On ne sait quasiment rien en France de ce morceau d’histoire. Mais la renommée de cet acte n’est pas immense non plus chez nos voisins. D’où la volonté de Sylvestre Sbille d’y revenir : « Cet acte n’est pas aussi connu qu’il pourrait l’être. Malheureusement il n’y a pas de grande statue ou de grand boulevard au nom de ces trois résistants (…). On croit toujours que c’est une histoire inventée, mais c’est bien la réalité historique. Ces trois jeunes hommes ont attaqué ce train, et toute une série de gens ont réussi à sauter avant la frontière allemande. »
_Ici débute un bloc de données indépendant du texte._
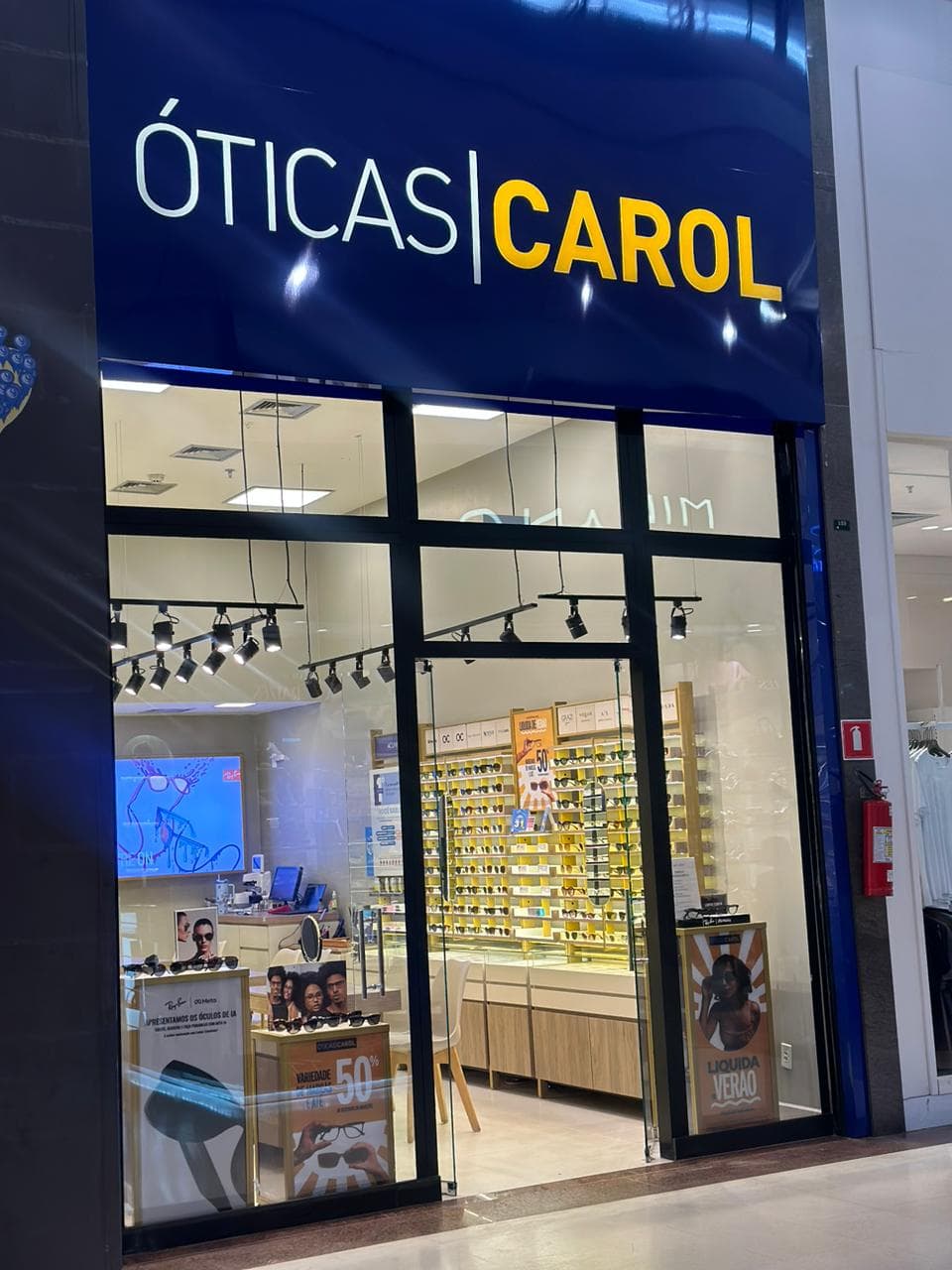 Logo da loja oticas carol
Reste la question de savoir si l’on n’a pas déjà tout dit concernant ces heures sombres. Non, bien sûr. Et Sylvestre Sbille a voulu insister sur la pulsion de vie des trois jeunes résistants : « C’est la force, la jeunesse de ces trois gars qui partent sur des vélos avec un pistolet avec sept balles et qui partent vers l’exploit impossible d’arrêter ce train en direction de la mort. Ces gars-là étaient plein de vie, ils étaient très drôles, on imagine un jeune Boris Vian, c’était des zazous, c’était des gens qui aimaient le jazz et qui avaient décidé de ne pas se laisser marcher ni sur les pieds ni sur la tête. »

J’Écris Ton Nom, paru chez Belfond, est donc l’histoire d’un acte de résistance fou, qui a sauvé la vie de 153 personnes et qui méritait bien un travail de mémoire.